Indigenous and State Politics in Latin America: The Mapuche People and the Chilean Constitutional Assembly
Published January 24, 2022
Graham Hall, Brown Fine Arts Center, February 2, 2023, 5:35 pm
Dr. Elisa Loncon Antileo, Mapuche activist, Indigenous scholar, and formerly the distinguished leader of the Constitutional Assembly in Chile, one of the 21st century’s most transformative political processes will give a public lecture in conjunction with the Kahn Institute yearlong project Common Grounds: Toward (Re)Thinking Global Indigeneity. The lecture will also be livestreamed.
Prof. Javier Puente recently shared what he is looking forward to about Loncon's visit, “As an Indigenous citizen, activist, and scholar, Loncon has had a distinguished academic and political trajectory, including - most prominently - leading Chile’s Constitutional Assembly and spearheading an institutional attempt to dismantle neoliberal capitalism in its birthplace.
"At Common Grounds, we expect to learn about Loncon’s leadership and role in guiding a nation and a state that historically targeted the Mapuche, her ethnicity, as a burden and an enemy for its progress.
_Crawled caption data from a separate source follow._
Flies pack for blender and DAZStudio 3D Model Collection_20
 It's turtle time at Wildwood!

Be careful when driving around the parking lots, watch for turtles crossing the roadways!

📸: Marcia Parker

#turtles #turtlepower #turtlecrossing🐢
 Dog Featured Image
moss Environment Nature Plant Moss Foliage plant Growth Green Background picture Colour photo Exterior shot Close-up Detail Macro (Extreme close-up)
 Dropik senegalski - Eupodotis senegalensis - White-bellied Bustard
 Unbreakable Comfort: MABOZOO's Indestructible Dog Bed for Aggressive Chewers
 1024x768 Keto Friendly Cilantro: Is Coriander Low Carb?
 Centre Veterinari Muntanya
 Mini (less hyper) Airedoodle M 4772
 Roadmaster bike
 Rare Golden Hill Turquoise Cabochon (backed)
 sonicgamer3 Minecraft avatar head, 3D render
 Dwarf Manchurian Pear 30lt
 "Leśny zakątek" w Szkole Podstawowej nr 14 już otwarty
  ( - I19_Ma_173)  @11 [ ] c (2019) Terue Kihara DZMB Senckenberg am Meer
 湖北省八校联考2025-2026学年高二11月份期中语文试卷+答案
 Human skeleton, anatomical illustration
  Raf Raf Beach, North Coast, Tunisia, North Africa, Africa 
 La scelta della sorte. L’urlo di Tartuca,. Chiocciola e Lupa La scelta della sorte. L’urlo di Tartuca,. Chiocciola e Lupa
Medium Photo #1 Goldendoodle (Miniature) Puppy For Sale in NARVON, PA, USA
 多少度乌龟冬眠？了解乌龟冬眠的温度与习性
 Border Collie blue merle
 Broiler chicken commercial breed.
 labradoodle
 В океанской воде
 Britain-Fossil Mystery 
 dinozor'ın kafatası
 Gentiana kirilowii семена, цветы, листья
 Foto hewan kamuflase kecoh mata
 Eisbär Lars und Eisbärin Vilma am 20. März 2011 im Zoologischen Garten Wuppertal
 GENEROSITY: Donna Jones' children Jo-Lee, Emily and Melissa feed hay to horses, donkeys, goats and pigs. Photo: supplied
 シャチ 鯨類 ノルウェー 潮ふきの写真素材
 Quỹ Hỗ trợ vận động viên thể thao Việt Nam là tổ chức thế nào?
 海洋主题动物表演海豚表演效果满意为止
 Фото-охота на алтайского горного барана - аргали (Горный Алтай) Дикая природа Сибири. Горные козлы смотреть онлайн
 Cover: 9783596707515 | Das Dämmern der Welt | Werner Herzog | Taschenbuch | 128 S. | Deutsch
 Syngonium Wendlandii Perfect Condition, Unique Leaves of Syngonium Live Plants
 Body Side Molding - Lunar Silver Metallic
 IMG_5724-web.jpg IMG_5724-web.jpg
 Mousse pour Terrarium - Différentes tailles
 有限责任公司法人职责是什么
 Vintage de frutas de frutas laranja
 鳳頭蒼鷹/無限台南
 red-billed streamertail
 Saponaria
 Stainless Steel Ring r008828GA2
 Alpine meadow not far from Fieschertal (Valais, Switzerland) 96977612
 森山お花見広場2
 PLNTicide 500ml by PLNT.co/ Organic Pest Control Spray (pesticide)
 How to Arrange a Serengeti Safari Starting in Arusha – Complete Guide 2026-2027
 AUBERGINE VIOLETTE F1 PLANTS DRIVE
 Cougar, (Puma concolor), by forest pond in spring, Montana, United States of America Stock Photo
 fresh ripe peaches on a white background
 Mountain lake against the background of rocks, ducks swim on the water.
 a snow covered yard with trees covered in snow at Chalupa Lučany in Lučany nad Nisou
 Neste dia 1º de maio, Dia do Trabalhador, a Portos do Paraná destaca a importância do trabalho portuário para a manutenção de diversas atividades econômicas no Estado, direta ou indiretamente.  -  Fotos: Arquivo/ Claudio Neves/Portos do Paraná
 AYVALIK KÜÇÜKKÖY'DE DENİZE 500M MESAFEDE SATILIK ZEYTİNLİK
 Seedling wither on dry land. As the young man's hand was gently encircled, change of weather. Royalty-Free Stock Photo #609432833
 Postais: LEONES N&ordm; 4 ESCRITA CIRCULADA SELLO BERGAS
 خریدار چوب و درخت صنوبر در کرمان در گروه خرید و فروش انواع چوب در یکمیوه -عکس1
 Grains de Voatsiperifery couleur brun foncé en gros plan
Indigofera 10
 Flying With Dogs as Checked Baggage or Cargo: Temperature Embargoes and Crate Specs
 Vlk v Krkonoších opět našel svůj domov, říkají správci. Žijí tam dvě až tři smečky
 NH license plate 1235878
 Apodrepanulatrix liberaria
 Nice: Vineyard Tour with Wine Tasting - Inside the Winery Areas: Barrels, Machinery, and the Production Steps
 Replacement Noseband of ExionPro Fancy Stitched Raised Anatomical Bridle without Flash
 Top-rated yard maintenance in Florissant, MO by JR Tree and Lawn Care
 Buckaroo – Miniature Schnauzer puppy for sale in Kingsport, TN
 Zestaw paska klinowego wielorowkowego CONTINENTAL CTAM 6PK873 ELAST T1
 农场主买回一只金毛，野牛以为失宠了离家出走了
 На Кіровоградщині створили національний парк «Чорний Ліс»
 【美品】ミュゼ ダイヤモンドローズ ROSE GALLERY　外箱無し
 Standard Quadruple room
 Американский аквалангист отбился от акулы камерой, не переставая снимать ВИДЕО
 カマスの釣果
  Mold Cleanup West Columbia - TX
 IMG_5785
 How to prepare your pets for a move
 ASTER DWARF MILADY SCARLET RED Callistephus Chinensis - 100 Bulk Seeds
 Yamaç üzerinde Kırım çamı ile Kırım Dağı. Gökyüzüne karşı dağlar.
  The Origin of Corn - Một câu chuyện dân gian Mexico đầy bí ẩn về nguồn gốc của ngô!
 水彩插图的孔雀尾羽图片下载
More importantly, we are eager to connect our ongoing conversations about the obliteration of hemispheric Indigenous identities and their politically, culturally, and socially generative capacities.”
Loncon will speak in Spanish with an English translator. Free and open to the public. Masks Welcome. For disability access information or requests, call 413-585-2407 or email arc@smith.edu.
Speaker
Born in the Mapuche community of Lefweluan in Chile, Elisa Loncon Antileo is a linguist and an Indigenous rights and languages activist. She holds a PhD in humanities from the University of Leiden and a second PhD in literature from the Pontifical Catholic University of Chile. Currently a professor in the Department of Education at the University of Santiago de Chile, Loncon researches the teaching of Mapudungun. She is also affiliated with the Center for Indigenous and Intercultural Studies of the Pontifical Catholic University of Chile. In 2021, Loncon was awarded the René Cassin Human Rights Award from the Basque Government to recognize her substantial contributions to the defense of human rights and was named one of Time Magazine’s 100 Most Influential People and one of Financial Times’s 25 most influential women.